TASK:
Search the entries for the word "Póster" and copy each line that has it.

DATASET EXCERPTS:
== == ==
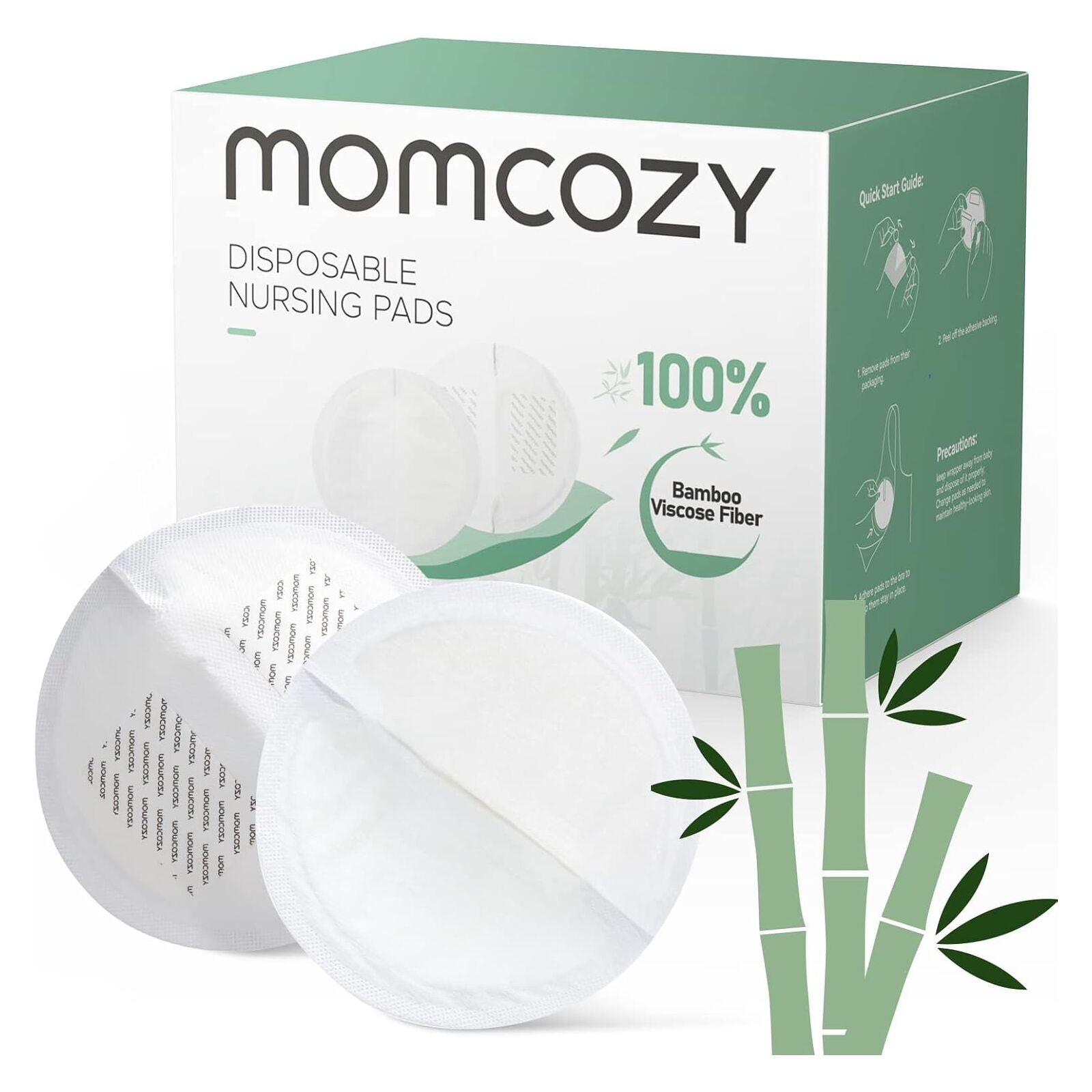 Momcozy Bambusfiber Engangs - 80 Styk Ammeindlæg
== == ==
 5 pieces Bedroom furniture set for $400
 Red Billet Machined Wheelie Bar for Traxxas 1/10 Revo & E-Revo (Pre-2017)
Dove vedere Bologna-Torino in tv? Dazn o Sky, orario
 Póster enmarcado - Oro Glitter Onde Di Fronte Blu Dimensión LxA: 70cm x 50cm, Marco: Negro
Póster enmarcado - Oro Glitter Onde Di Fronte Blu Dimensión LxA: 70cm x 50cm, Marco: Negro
== == ==
RESPONSE TO THE EXERCISE:
 Póster enmarcado - Oro Glitter Onde Di Fronte Blu Dimensión LxA: 70cm x 50cm, Marco: Negro
Póster enmarcado - Oro Glitter Onde Di Fronte Blu Dimensión LxA: 70cm x 50cm, Marco: Negro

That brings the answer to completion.